Ore 18.30
In un pomeriggio più caldo di due ratti che trombano in un calzino di lana, John McBride, uno e ottantacinque abbondanti, quasi cento chili, le manone come prosciutti, un fisico da cinghiale selvatico con un carattere dello stesso genere, arrivò all’isola di Galveston col traghetto che veniva dalla costa del Texas; aveva una sei colpi sotto il spprabito e un rasoio in una scarpa.
Mentre il traghetto attraccava, McBride mise giù la valigia, si tolse la bombetta, prese un bel fazzoletto bianco nuovo di zecca da una tasca del soprabito, lo usò per asciugare l’inceratino della bombetta, poi per detergersi il sudore dalla fronte, quindi se lo passò sui radi capelli neri per rimettersi infine il cappello.

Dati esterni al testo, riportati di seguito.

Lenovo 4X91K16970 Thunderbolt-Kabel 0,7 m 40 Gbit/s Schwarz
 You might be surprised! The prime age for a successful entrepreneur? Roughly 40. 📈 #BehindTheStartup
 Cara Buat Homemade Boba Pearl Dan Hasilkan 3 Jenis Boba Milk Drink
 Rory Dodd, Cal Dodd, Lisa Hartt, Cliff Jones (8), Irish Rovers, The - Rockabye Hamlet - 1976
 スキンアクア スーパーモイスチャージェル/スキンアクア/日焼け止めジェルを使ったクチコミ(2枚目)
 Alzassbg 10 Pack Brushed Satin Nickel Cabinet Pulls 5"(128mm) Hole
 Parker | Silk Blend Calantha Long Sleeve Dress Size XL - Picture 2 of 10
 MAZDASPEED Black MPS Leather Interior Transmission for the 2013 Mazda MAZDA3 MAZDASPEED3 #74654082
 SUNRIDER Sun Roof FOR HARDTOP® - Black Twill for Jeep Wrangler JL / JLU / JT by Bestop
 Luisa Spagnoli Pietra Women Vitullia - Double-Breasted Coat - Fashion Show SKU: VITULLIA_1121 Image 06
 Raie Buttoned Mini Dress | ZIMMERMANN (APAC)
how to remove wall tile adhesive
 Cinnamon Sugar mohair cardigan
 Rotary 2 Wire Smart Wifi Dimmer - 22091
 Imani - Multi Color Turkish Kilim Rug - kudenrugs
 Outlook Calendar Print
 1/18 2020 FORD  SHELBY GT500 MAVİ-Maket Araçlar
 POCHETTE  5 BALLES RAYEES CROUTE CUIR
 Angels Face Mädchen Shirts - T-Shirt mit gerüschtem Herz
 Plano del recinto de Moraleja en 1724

A San Francisco un vecchio cinese gli aveva detto che i capelli li stava perdendo perché portava sempre il cappello, e McBride aveva deciso che poteva anche avere ragione; però adesso il cappello lo portava per nascondere la propria calvizie. All’età di trent’anni sentiva di essere troppo giovane per perdere i capelli.
Il cinese gli aveva venduto a una cifra considerevole un tonico dall’odore dolciastro che avrebbe dovuto risolvere il suo problema. McBride lo usava con devozione religiosa, strofinandoselo sullo scalpo. Finora, l’unico effetto visibile era stata la lucidatura della sua pelata. Se mai fosse tornato a San Francisco era il caso di andare a trovare quel cinese, magari per fagli un paio di bernoccoli sulla testa.